The following configuration belongs to the system level configuration of SyncJob. The configuration value can be modified in configuration file fe.conf.

  • enable_create_sync_job

    Turn on the Binlog Load feature. The default value is false. This feature is turned off.

  • sync_commit_interval_second

    Maximum interval time between commit transactions. If there is still data in the channel that has not been committed after this time, the consumer will notify the channel to commit the transaction.

  • min_sync_commit_size

    The minimum number of events required to commit a transaction. If the number of events received by Fe is less than it, Fe will continue to wait for the next batch of data until the time exceeds sync_commit_interval_second. The default value is 10000 events. If you want to modify this configuration, please ensure that this value is less than the canal.instance.memory.buffer.size configuration on the canal side (16384 by default). Otherwise, Fe will try to get more events than the length of the store queue without ack, causing the store queue to block until timeout.

  • min_bytes_sync_commit

    The minimum data size required to commit a transaction. If the data size received by Fe is smaller than it, it will continue to wait for the next batch of data until the time exceeds sync_commit_interval_second. The default value is 15MB. If you want to modify this configuration, please ensure that this value is less than the product canal.instance.memory.buffer.size and canal.instance.memory.buffer.memunit on the canal side (16MB by default). Otherwise, Fe will try to get data from canal larger than the store space without ack, causing the store queue to block until timeout.

  • max_bytes_sync_commit

    The maximum size of the data when the transaction is committed. If the data size received by Fe is larger than it, it will immediately commit the transaction and send the accumulated data. The default value is 64MB. If you want to modify this configuration, please ensure that this value is greater than the product of canal.instance.memory.buffer.size and canal.instance.memory.buffer.mmemunit on the canal side (16MB by default) and min_bytes_sync_commit

  • max_sync_task_threads_num

    The maximum number of threads in the SyncJobs’ thread pool. There is only one thread pool in the whole Fe for synchronization, which is used to process the tasks created by all SyncJobs in the Fe.

FAQ

  1. Will modifying the table structure affect data synchronization?

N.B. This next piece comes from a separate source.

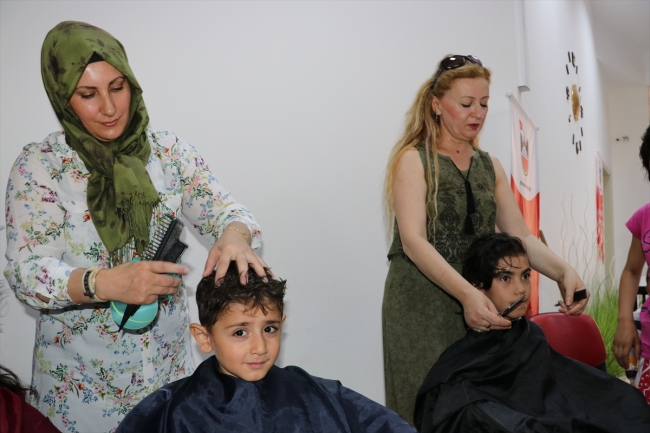Diyarbakır'da terör mağdurlarına kuaförlük hizmeti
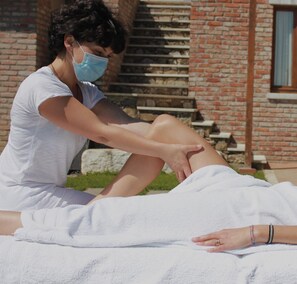 Spa - Two-room apartment in farmhouse surrounded by greenery and a few kilometers from the sea (Giucano)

    Yes. The SyncJob cannot prohibit alter table operation. When the table’s schema changes, if the column mapping cannot match, the job may be suspended incorrectly. It is recommended to reduce such problems by explicitly specifying the column mapping relationship in the data synchronization job, or by adding nullable columns or columns with default values.

  2. Will the SyncJob continue to run after the database is deleted?

    No. In this case, the SyncJob will be checked by the Fe’s scheduler thread and be stopped.

  3. Can multiple SyncJobs be configured with the same IP:Port + destination?

    No. When creating a SyncJob, FE will check whether the IP:Port + destination is duplicate with the existing job to prevent multiple jobs from connecting to the same instance.

  4. Why is the precision of floating-point type different between MySQL and Doris during data synchronization?

    The precision of Doris floating-point type is different from that of MySQL. You can choose to use decimal type instead.